“Tem gente que acha que a melhor estratégia para se segurar alguém que parece estar se afastando de nós é através do sentimento de posse. Essas pessoas pensam: ‘Ah, se você está se afastando de mim, então o que vou fazer é jogar seu telefone fora, te prender e te impedir de sair de casa’. Obviamente, essas atitudes vão ter o efeito contrário. Como somos criaturas sempre em busca de conexão, a única coisa que garante a estabilidade de um casal é a honestidade mútua, a aceitação e o conhecimento”.
Essa definição, do filósofo suíço Alain de Botton – criador da School of Life (Escola da Vida), centro de estudos que reflete sobre temas como amor e amizade –, sintetiza bem um dos principais agentes que assolam os relacionamentos humanos: o ciúme.
Há anos estudiosos buscam entender um pouco mais a respeito dessa emoção aversiva tão indicativa das nossas inseguranças, mas nunca chegam a uma hipótese plausível.
E a dúvida persiste: por que sofremos tanto assim com o ciúme?

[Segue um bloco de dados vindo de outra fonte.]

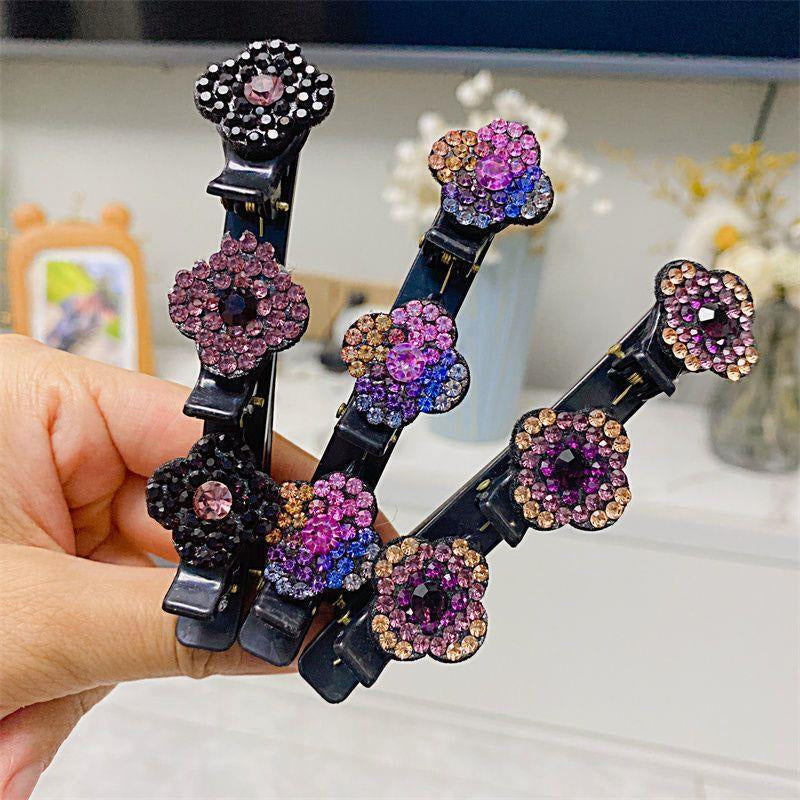 Hair clip with crystal flower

“Padecemos com o ciúme porque ele é uma emoção dimensional, que traz junto consigo outras emoções negativas, como o medo, a ansiedade, a raiva e a tristeza”, explica Renata Moreira, psicóloga especialista em casais e famílias e mestre em cognição e comportamento pela UFMG.
Ela diz que esse sentimento, irmão gêmeo do amor, tem o poder de muitas vezes quebrar um ciclo de desenvolvimento natural e nos deixar paralisados em uma mesma história – a qual, na maioria das vezes, existe somente dentro de nossas cabeças.
“O medo de perder quem amamos é a base que nos mantém conectados uns aos outros. O problema é a forma como lidamos com ele no nosso dia a dia. É importante encontrarmos um equilíbrio para não gerarmos um sofrimento desnecessário nas nossas relações”, avalia.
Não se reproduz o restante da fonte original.